Touch the Soil News #512
Where is Bulawayo? It’s a city of 1.2 million people in Zimbabwe in the deep south of Africa. Bulawayo was historically known as the industrial center of Zimbabwe. However, severe economic contraction has left the industrial sectors of the city vacant and deteriorating. And it’s not that what was produced in Bulawayo is not needed – textiles, engineering, metals, blankets and shoes.
Through a combination of financial maneuverings and unhealthy competition – whole cities (even nations) can be left behind. The popular phrase “no person left behind” explains frustrations by Americans about the economic landscape (or lack thereof) leaving people behind. Tthe larger world is experiencing whole cities left behind (and whole nations).
What is happening in Bulawayo (Zimbabwe) is happening to varying degrees in the United States. Both nations are engulfed by global financial maneuverings – and competition to pirate each others’ economies.

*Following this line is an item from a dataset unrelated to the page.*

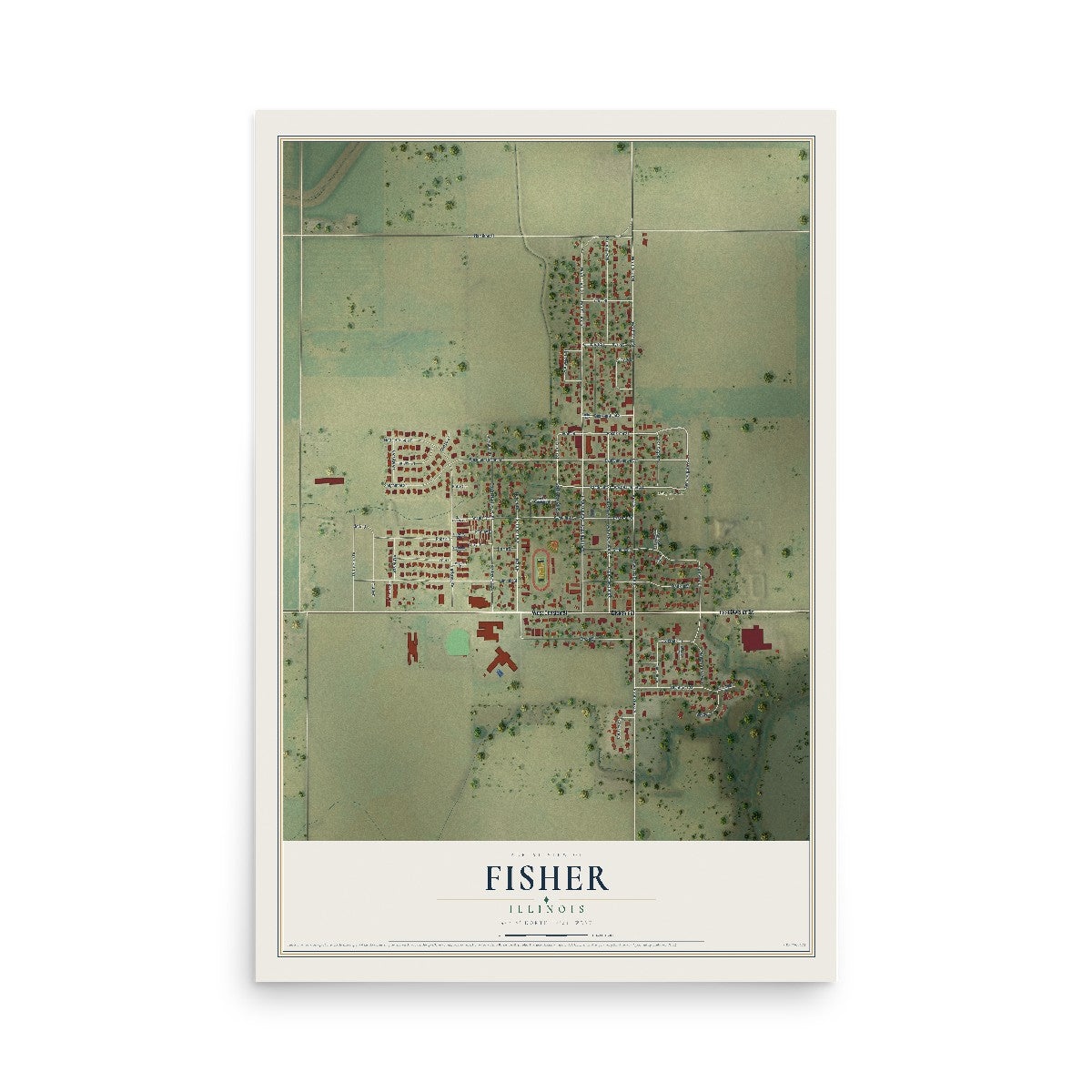 Map of Fisher, Illinois, 12 x 18 inch unframed archival matte print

Bulawayo was once known as the City of Kings in reference to its industrial might. Now , inadequate wages and massive company closures have forced residents to resort to urban farming to supplement their food stocks.
Radio VOP (Voice of the People) from Zimbabwe recently interviewed Bulawayo residents. Following are some of the responses:
I woke up as early as 5 am today to start preparing land for farming here because failure to do so I may find myself starving come next year,” said a 65 year-old grandmother.

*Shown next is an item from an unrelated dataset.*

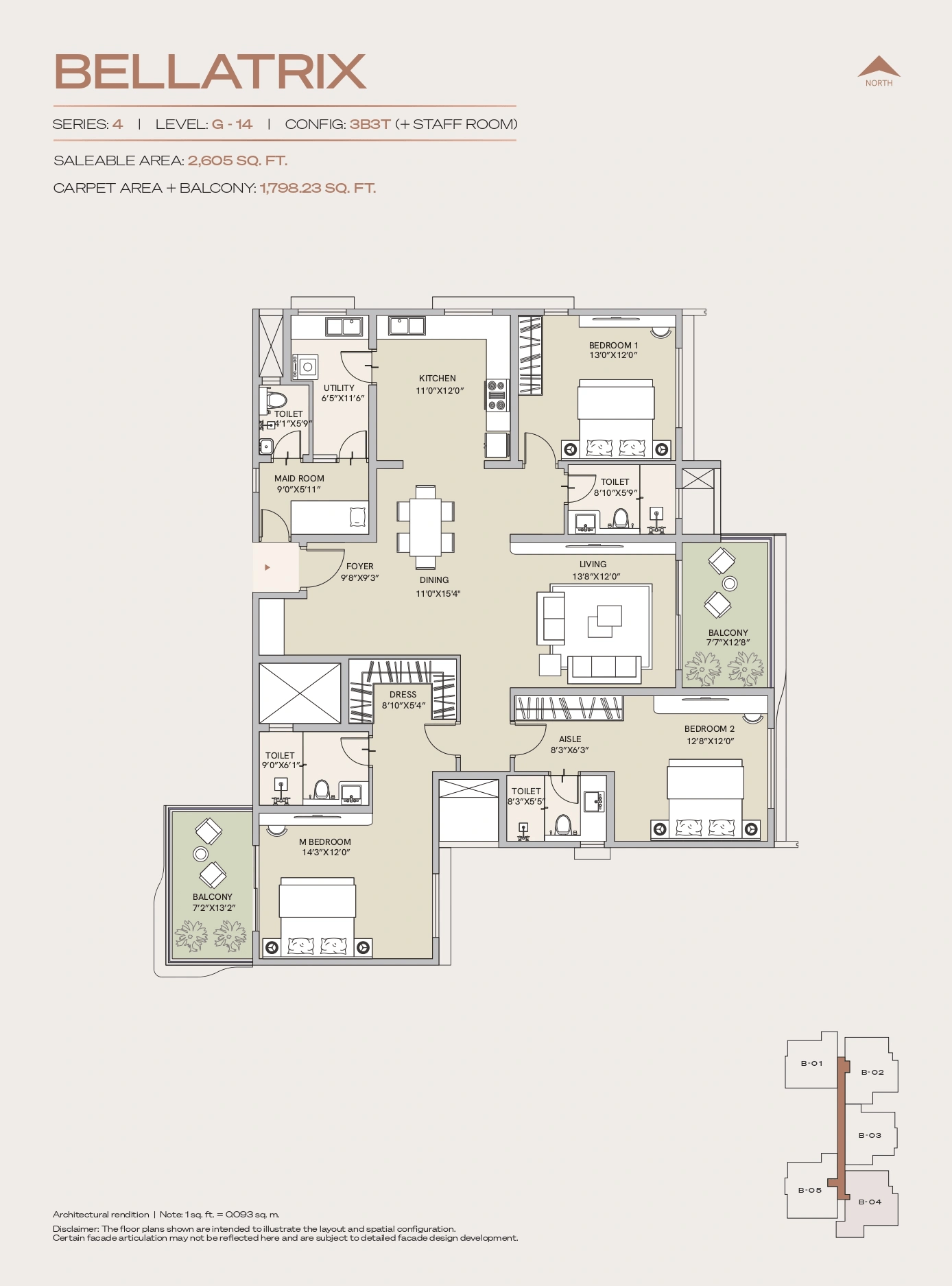 Century Jakkur Unit plan - 1798 sq.ft.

She said following the collapse of industry in Bulawayo, her married children were finding it hard to fend for their families, left her alone, leaving her to starve.
Another resident, Nobubelo Tshuma said she hoped city authorities would not destroy their fields as they are used to doing.
“We pray to our city authorities not to destroy our maize,” she said. Urban farming is illegal under city by-laws. However, it has been common practice among Bulawayo residents and other parts of the country following the collapse of the industry.
A Bulawayo resident works to grow food at an urban garden plot – the only activity that stands between eating or starving.
The financial mechanisms of the nation (Zimbabwe) are unable to facilitate the organization of labor and production in a way that sustains the country. High unemployment (90 percent) means the government has limited opportunity to tax wages to run government. Estimates are in America that the financial mechanisms of this nation fall short of constructively employing some 50 million people – leaving large swaths of poverty. Zimbabwe has only 14 million residents.